リュージは嫌な予感が膨らましながら、ヴィートの見ている方向に目をやって――案の定後悔することになった。
まだ遠くではあるが、馬に乗った男たちが、ぞろぞろとやってくるのが見えたからだ。遠目からでは確かなことは言えないが、騎士ではない、先頭にいるのは、マルチャーノだ。
休む暇もないのかと溜息をつきながら、リュージは体に鞭打って立ち上がった。
眩暈が酷い、しかも、対処は一人でする必要がある。見ずともわかるほど足を震わせているヴィートを戦力には数えられない。

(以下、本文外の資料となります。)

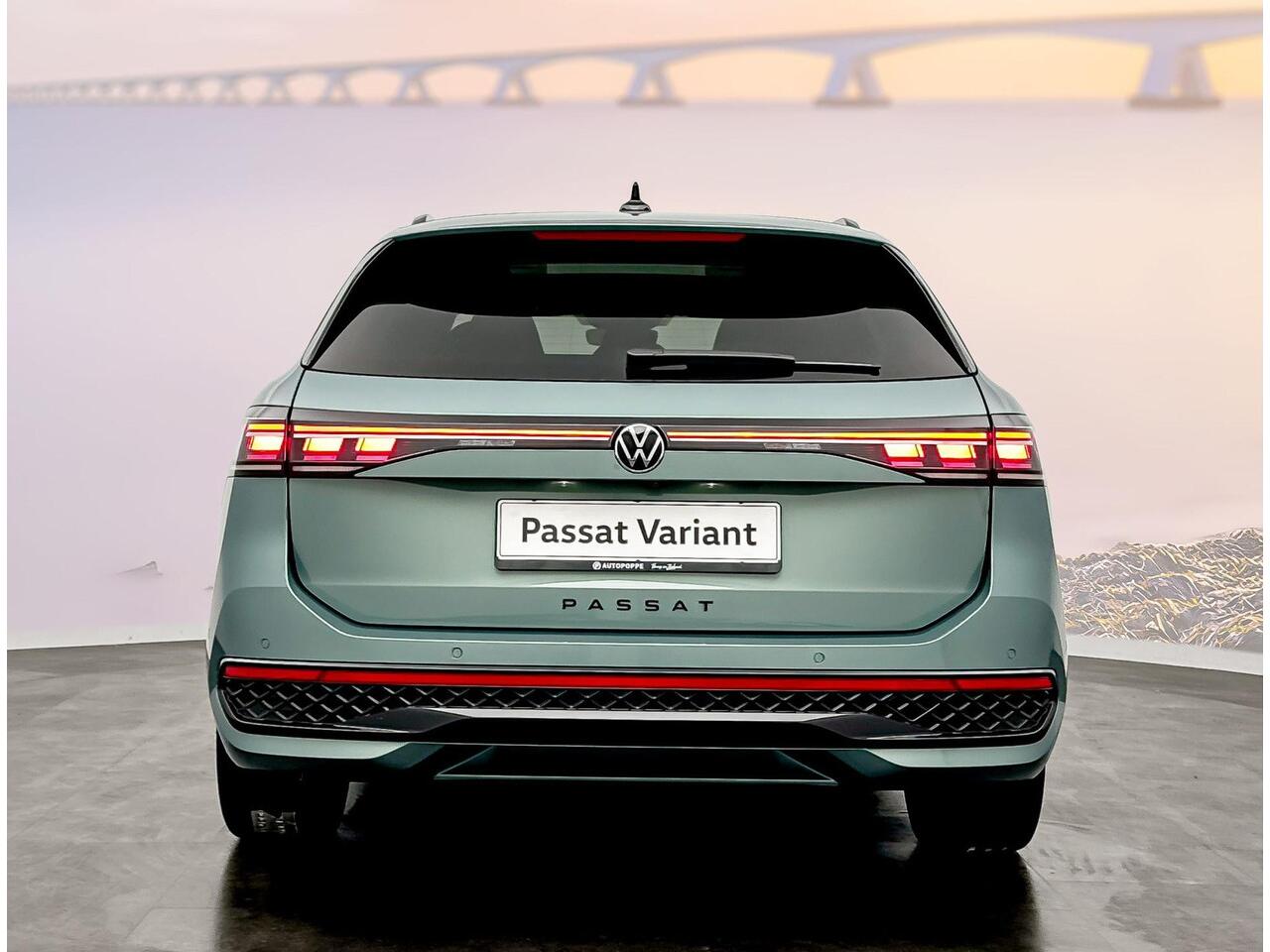 Volkswagen PASSAT Variant 1.5 eTSI R-Line Business DSG7 150pk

少し近付いて見えてきた。大群と言うには少なく実際は十数人程度だが、ひと騒動終わり、落ち着いていたヴィートの心を搔乱させるには十分すぎる人数だった。
「ももももお、もうだめだあ!」
「慌てんな、二人を連れて教会のなかに隠れろ」
「何言ってるんですか! それなら逃げた方が――」
「馬相手に逃げきれるならそれでもいいんだけどな、言っとくがさっきの移動を期待してるなら止めてくれ」
「で、でもリュージさんは!?」
「心配すんなさっきもなんとかなったろ、今度も平気だ」
「へ、平気って、平気なわけないでしょう!? あんなにたくさんいるのに!」
逃げることもできない、しかしリュージを見捨てて隠れることもできない、落ち着きなく視線を彷徨わせるヴィートは、決断ができる状態ではなかった。
地面から震動が伝わってくるほどの距離になった。生まれて初めて見る騎馬隊は、茶色の波となって村をのみこもうと押し寄せている。もう時間は残されてない、リュージは呼吸を整えて、できる限り朗らかに言葉を紡いだ。
「適材適所って言葉がある、人には人のやらなくちゃいけないことってのがあるんだ……俺は戦うことしかできない男だから、ここが俺の場所なんだろうよ」
「そんなの、リュージさんのやることじゃないですよ!本当は、本当ならさっきだって僕が――」
「いいからさっさと二人を運べ! お前は騎士だろ! お前の仕事は戦うことじゃない! 守ることのはずだ! その二人はお前が守るんだ!」
その一言でのヴィートの反応は劇的だった。目を見開き、次いでぎゅっと閉じて、痛みに耐えるように、歯を食いしばる。
申し訳ないがその逡巡に時間を与えてやるほど、時計の針は遅くはなかった。
リュージはヴィートの胸のあたりを軽く押す。ヴィートはそれに逆らわず、二人を抱えたまま尻もちをつくように教会の中へ入った。
リュージはそのまま背中で扉を閉める。
当然その体勢ではリュージが気づくことはなかった。閉まる扉を見たヴィートの頬が、隠しきれずに緩んでいたことなど――。